I read other peoples blogs over the weekend. You know who you are, that interview with Ollie Townends brain monkey slayed me. You may find it on Eventing Nation.
That picture creeps me out. Strangely, the eyebrows look those of one of my cousins and he's not even a serial killer that we know of.
Happy Birthday Sue! I left you a message on FB. So, Sue, your horse is a rock star! yeah you! and Linda? what can I say? I am honored your horse friended me on FB! You non horsie types? yes, we really talk like this. sorry. If it makes you feel any better my #$%^&* dawgs have Face Book or rather dog book pages. Yeah, well? Here's a picture of the dawgs. They look guilty because they are guilty. This picture is titled "Dawgs and a dead flower" Pretty snazzy eh? It could also be entitled "You've stolen my soul" except their souls are black and mostly rotted, really not worth stealing. :-)
I figured out Pinterest yesterday. And because it's annoying I've started following other peoples Pinterest pages. Basically what Pinterest is is a virtual pin board (bored) where you "pin" stuff you find whilst screwing around on the Internet or whilst stalking other peoples Pinterest boards. Once you have happened upon an image of something you like or are intrigued by, then you can "pin" or "repin" the images on your own board (bored). If you're as clever as I, you can have many boards. Mine are labeled Horse Stuff, House Stuff, Family Stuff, Weird Stuff, Clothes Stuff, Hair Stuff and it's mostly all either lovely or strange...or both. Mostly both. Lots of really cool people are following me. Are you? What does that mean?

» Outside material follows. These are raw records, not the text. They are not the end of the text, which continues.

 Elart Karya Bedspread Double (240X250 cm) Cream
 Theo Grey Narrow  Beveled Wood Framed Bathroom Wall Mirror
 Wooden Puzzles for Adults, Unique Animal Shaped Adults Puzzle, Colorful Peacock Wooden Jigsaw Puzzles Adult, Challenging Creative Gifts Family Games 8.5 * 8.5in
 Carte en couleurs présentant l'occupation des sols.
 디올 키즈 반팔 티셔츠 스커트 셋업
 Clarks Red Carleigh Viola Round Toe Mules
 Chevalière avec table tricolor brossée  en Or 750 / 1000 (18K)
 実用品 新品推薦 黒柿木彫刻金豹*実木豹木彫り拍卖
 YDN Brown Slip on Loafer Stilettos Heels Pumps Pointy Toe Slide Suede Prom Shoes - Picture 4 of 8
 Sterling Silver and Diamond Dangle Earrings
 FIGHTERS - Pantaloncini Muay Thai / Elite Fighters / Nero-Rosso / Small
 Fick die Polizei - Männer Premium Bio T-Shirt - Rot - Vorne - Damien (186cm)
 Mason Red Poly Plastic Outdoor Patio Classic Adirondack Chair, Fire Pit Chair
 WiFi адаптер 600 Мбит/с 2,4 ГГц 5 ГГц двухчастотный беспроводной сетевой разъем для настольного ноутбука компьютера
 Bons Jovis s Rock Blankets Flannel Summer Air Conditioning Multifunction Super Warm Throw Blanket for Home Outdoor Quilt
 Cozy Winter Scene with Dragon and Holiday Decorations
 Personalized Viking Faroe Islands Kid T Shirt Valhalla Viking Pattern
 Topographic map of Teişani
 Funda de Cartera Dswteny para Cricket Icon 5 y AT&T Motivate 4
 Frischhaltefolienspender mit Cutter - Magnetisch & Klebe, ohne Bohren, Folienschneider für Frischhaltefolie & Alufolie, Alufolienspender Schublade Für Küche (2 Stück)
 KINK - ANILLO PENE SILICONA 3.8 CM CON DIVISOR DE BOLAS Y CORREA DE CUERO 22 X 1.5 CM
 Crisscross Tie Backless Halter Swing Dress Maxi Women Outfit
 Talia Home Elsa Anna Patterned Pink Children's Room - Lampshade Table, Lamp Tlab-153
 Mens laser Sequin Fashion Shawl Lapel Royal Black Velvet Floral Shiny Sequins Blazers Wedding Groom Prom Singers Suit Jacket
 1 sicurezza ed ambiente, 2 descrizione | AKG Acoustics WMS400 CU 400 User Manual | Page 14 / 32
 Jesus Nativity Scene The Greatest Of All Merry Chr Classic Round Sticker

Chicken and Dumplings for dinner. Really? Delicious. Comforting. Homie. lol Dying to say that all day.
"Words With Friends" has taken over my life. I have about eight or nine games going right now. I'm not clever. I just throw letters at the board with the fervent hope that they will make a word that is acceptable and also hope to hit bonus squares. It is the secret to my success. I get beat all the time. BTW Satan and bitched were not accepted. WTF but neither was wrad which would have scored a lot of points but there you go.
So, in an effort to be frugal and other stupid stuff, I went to a stylist for a haircut based solely on the recommendation of some woman who was in front of me in line at the market. Her hair looked awesome. So I said, "Um excuse me, your hair looks terrific. Do you mind telling me who cuts it?" and she smiled a little condescendingly and said, "I geet eet cut by Errrrrasmosssss." and I said, "what?" and she rolled her eyes and said "Errrrrasmosss, I ave been having eet cut by heem forrrr pipteen yearrrrs. I don' eben tell heeem what to do any more." and another smile. Somewhat intimidated by now, I may too have rolled my eyes and said, "is he/she/it local?" and she said "hee iz the best stylist in the world" or something like that. So I wound up the conversation by axing if she had his number and she did and she gave it to me and I called and made an appointment. Let me just cut (ha ha gittit?) to the chase. I went, we discussed Mexico, the fact that the lady in the store was from Puerto Rico, and that he'd never even sat on a horse. What ever. So the whole time he wasss cutting away and I was, as usual, scrupulously not paying attention to the snipping of hairs and finally I was cut, blown dry and out the door and my hair looked if not great, then certainly good enough. That is till I tried my own personal magic wherein I washed and styled it myself and discovered to my horror that what I really had was a combination mullet and Moe from the 3-stooges style. I am not happy. Now what this really means is that I have to call Tiffany, who has "done" my hair for over five years and whom I should never, ever, ever forsake. And I shall have to grovel until she agrees to fix this mess and take poetic license of her own bend to repair the damage. She will spend a good deal of time not telling me what an unfaithful b**** I am but making that point unnervingly plain. Let this be a lesson to all y'all. Don't piss your hair stylist off. Don't tread in unfamiliar waters. Be true. I'm the one in the hat till she agrees to see me and she may make me wait a while just to make her point crystal clear. I'm sad.
Another chapter down the tubes. Do as I say not as I do. That will always be the best course.